Philippe a gravé dans l’inconscient le plus récalcitrant que la vieille religion africaine est une religion du succès, du bonheur terrestre. Le christianisme est une religion du détachement (par l’ascèse) au service d’un amour qui n’est pas de ce monde. Le passage d’une optique à l’autre demande donc un retournement, une conversion, voilà ce qu’il nous lègue dans Vers la lumière ou le désir d'Ariel. Sociologie de la conversion.

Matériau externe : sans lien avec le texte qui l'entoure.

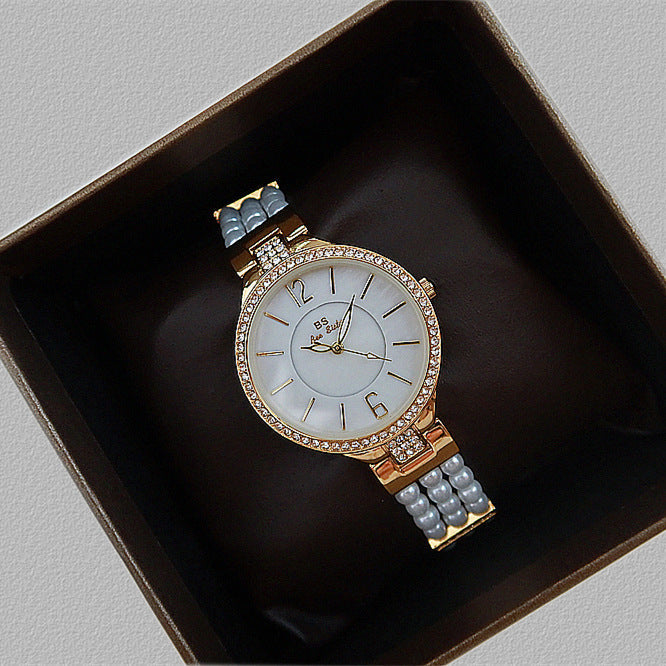 Luxurious Golden Pearl Watch – Elegant 35mm Dial with Jewelry Buckle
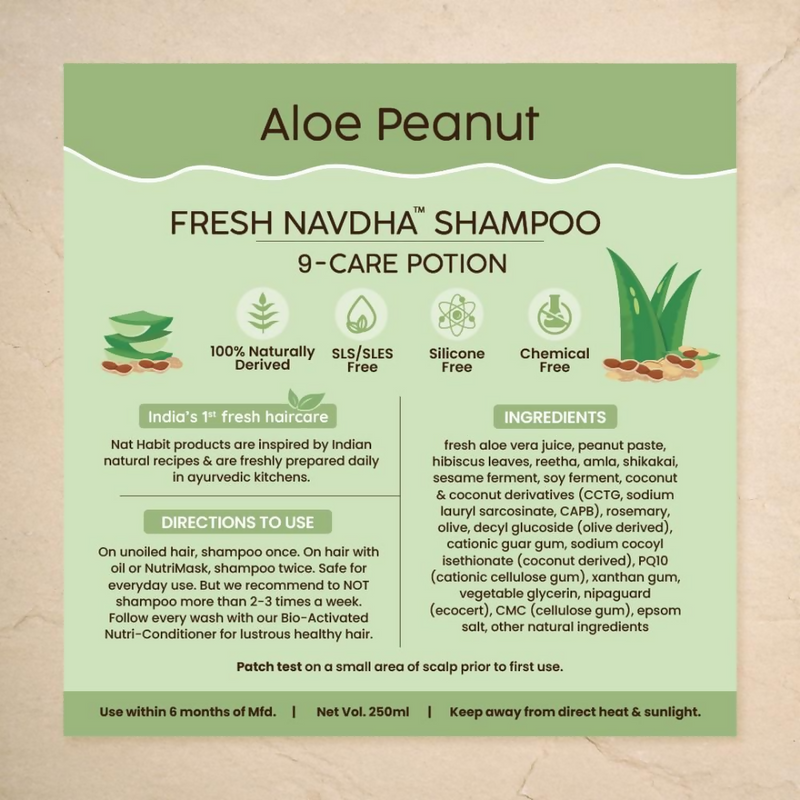 Nat Habit Aloe Peanut Navdha Shampoo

Philippe m’a promené dans bon nombre de musées de cette ville, il m’a amené à écouter la musique classique avec Fitou sa fille au point de m’amener à oublier son nom. Nombreuses sont les sociétés savantes, françaises et étrangères, dont il fut membre. On n'en finirait pas non plus d'énumérer les distinctions et les prix qui lui ont été attribués en reconnaissance de ses travaux scientifiques. Que cet hommage, abrégé en raison des contraintes de temps, soit un signe de profonde reconnaissance pour l'importante contribution du Philippe Pierre Marie Laburthe-Tolra l’anthropologie, et pour tout ce qu'il a accompli au service de son Alma Mater, l'Université Paris V, et plus particulièrement de la Faculté la Faculté des sciences humaines et sociales.

J'ai pris la parole parce que tu ne peux plus la prendre, j'aurais souhaité la recevoir de toi mais hélas ! J'ai pris cette parole ! J'ai parlé ! Ceux et celles qui ont les oreilles ont entendu jusqu'au-delà du grand fleuve.